NEW YORK (TheStreet) -- Investors dream of owning the coveted the "10-bagger," a term often attributed to investing legend Peter Lynch that describes a 10-fold run-up in a stock. If investing were baseball, the "10-bagger" would be equivalent to the three-run homer, in my opinion.

While there are countless examples of stocks running up 10-fold and well beyond, they don't occur often for investors, because it's difficult to hold onto a stock long enough to reap that level of reward. Ten-baggers often take time, and in this era, buy-and-hold investing is frowned upon.

But not all 10-baggers are what they seem. One of July's huge winners is troubled uranium play



, whose shares have risen from $2.96 on July 8 to $29.02 yesterday.

USEC provides low-grade uranium.

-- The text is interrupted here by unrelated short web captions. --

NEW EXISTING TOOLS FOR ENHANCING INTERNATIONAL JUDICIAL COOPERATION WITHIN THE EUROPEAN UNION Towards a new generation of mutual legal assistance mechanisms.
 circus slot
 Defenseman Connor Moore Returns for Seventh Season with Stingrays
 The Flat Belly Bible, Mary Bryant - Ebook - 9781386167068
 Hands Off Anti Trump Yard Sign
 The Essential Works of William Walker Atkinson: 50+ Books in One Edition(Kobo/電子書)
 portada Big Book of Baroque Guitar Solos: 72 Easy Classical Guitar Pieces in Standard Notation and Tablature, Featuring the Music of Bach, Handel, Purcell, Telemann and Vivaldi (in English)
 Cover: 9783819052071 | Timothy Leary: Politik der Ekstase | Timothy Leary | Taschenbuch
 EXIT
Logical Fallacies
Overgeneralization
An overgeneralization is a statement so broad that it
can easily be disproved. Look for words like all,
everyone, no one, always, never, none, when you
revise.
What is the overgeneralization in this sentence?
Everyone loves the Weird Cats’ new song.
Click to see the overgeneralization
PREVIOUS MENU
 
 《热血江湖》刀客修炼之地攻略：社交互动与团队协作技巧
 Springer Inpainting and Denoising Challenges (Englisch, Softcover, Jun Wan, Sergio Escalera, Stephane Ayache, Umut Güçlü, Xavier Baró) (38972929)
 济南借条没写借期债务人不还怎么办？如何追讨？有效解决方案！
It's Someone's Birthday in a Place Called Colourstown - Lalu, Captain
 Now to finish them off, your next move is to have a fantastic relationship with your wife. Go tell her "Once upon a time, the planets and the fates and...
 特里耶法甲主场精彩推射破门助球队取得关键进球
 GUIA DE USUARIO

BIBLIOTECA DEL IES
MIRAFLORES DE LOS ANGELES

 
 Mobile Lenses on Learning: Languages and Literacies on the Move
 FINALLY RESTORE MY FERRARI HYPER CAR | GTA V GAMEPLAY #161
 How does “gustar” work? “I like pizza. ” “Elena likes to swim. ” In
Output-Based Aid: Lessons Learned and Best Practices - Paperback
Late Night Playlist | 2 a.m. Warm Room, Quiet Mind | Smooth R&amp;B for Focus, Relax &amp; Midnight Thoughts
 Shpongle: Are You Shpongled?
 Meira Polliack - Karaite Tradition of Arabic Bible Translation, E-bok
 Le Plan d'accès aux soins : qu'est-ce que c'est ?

The company -- which had operated the only U.S.-owned uranium enrichment facility in Paducah Kent. -- also provides transportation and storage for used nuclear fuel -- not without controversy-- and has done contract work for the Department of Energy. Until 1998, USEC was part of the U.S. government.

It's been a rough run for the company in recent years. USEC is shutting down its uranium-enrichment plant in Paducah, and its quest to develop and commercialize new technology at its American Centrifuge plant in Ohio has met one roadblock after another. Lower demand for uranium following Japan's nuclear disaster hasn't helped.

USEC hasn't turned a profit on an annual basis since 2010, and debt of $530 million weighs on the company. The stock slid from about $5 in early 2011 to less than 30 cents earlier this year. In order to stay listed, the USEC initiated a 1-for-25 reverse stock split earlier this month.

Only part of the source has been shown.